SOURCE MATERIAL: Begin

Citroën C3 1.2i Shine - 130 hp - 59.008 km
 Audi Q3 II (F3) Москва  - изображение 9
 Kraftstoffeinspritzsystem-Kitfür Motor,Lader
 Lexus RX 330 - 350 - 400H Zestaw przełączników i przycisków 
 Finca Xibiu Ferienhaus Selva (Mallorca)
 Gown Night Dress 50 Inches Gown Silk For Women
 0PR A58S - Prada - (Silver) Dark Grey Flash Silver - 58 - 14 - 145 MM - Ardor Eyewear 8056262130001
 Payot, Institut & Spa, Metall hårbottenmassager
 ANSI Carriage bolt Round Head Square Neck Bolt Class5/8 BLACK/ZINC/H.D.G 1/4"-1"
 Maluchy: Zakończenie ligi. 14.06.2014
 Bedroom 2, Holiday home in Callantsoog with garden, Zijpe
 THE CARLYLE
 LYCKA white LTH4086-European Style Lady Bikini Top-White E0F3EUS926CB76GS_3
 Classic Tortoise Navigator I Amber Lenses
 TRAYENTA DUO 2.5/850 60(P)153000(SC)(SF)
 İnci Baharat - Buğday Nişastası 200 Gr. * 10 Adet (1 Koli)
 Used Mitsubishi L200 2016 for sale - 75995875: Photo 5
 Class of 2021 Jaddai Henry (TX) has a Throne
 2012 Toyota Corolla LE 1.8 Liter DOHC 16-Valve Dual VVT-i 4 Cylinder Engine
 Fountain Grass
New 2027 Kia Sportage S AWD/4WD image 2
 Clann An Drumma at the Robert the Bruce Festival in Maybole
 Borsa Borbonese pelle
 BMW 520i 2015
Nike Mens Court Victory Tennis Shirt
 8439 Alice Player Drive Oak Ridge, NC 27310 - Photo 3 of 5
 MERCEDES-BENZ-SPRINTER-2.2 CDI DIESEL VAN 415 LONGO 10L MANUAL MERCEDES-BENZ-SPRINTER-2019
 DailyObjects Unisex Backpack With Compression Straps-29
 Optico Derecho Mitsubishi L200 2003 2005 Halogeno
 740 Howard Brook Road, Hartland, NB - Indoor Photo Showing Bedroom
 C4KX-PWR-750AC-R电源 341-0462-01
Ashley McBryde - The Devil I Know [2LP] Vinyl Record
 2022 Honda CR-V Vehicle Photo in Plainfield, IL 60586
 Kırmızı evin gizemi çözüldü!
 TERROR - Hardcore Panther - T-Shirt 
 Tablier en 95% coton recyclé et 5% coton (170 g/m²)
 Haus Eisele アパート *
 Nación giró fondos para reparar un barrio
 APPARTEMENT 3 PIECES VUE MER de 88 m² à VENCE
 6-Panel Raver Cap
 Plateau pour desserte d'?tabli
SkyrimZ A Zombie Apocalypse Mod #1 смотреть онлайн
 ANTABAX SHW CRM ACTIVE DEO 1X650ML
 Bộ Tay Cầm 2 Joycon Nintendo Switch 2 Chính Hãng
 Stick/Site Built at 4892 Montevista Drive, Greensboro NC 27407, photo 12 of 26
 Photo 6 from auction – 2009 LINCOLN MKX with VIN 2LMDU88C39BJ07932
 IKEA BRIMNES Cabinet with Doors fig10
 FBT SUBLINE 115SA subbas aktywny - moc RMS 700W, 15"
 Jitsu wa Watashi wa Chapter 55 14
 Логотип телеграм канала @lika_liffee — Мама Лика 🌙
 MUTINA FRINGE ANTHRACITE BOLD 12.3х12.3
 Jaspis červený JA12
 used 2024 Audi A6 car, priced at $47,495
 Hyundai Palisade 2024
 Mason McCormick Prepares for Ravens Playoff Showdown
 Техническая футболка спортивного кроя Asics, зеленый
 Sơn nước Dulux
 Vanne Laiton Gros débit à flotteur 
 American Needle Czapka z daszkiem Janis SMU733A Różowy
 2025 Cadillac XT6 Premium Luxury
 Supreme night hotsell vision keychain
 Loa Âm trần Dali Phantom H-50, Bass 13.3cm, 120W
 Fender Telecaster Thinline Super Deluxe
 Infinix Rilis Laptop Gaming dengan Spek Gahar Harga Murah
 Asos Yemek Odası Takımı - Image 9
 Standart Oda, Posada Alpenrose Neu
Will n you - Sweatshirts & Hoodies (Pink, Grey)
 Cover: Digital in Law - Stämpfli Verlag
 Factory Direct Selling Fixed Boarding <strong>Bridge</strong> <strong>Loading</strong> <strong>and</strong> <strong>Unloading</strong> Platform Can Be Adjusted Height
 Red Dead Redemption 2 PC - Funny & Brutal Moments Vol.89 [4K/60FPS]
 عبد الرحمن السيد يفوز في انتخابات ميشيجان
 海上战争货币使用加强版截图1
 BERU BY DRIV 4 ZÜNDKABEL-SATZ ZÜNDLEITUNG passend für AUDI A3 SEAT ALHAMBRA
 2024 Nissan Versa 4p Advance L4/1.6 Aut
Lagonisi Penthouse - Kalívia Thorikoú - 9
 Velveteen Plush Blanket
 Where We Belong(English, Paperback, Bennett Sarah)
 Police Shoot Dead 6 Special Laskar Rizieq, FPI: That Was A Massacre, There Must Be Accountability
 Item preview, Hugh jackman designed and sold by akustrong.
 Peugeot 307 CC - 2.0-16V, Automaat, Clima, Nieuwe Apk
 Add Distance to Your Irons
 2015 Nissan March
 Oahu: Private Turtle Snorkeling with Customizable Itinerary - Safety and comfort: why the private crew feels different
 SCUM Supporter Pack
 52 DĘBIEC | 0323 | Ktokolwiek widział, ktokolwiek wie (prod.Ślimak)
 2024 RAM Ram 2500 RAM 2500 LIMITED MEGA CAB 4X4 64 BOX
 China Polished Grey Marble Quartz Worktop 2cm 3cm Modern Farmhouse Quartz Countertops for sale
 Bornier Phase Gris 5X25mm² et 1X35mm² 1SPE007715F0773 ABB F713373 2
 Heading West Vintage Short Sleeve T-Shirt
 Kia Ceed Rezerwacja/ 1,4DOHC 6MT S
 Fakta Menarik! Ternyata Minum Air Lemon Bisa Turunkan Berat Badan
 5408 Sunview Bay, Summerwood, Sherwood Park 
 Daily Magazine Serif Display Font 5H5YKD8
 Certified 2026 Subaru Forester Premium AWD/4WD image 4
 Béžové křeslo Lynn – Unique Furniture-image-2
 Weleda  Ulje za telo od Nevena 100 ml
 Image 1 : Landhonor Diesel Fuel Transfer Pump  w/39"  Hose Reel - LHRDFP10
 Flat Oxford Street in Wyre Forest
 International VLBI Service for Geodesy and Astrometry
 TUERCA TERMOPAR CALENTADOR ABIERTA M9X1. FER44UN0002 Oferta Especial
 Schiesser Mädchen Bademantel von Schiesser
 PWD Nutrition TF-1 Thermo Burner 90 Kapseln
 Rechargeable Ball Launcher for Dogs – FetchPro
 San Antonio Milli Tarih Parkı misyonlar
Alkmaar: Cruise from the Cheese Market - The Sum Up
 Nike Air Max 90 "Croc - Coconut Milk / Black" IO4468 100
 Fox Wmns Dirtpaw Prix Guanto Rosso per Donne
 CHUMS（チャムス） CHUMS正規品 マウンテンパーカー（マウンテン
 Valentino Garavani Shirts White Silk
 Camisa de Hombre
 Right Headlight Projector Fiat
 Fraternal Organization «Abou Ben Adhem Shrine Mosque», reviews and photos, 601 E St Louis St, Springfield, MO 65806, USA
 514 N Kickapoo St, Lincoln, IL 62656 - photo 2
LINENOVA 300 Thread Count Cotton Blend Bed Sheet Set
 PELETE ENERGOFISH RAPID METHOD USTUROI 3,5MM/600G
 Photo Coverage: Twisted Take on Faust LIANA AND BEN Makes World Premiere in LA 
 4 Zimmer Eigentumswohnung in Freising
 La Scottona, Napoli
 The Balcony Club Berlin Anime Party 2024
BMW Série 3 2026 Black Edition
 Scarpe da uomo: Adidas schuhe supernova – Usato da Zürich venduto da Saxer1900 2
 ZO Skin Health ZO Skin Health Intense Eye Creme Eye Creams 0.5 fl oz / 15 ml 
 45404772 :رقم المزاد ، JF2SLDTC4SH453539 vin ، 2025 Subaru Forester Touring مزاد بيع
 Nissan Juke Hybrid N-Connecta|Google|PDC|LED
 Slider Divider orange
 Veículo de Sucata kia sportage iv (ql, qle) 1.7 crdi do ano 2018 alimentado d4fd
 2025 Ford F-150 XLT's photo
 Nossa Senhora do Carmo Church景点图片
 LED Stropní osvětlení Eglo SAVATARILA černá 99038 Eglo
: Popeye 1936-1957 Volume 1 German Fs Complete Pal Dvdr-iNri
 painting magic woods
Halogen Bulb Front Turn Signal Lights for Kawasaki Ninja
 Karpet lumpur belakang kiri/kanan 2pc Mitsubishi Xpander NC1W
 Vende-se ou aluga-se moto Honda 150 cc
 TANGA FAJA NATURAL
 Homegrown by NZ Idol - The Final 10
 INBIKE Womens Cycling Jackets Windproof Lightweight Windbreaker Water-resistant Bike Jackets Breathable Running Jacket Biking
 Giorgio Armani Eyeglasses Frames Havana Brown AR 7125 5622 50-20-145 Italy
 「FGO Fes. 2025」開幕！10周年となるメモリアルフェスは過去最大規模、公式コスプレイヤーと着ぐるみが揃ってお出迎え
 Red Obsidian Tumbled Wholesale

SOURCE MATERIAL: End

Collect every line from the records above that contains the word "Dead".

** RESULT OF THE TASK **
 Red Dead Redemption 2 PC - Funny & Brutal Moments Vol.89 [4K/60FPS]
 Police Shoot Dead 6 Special Laskar Rizieq, FPI: That Was A Massacre, There Must Be Accountability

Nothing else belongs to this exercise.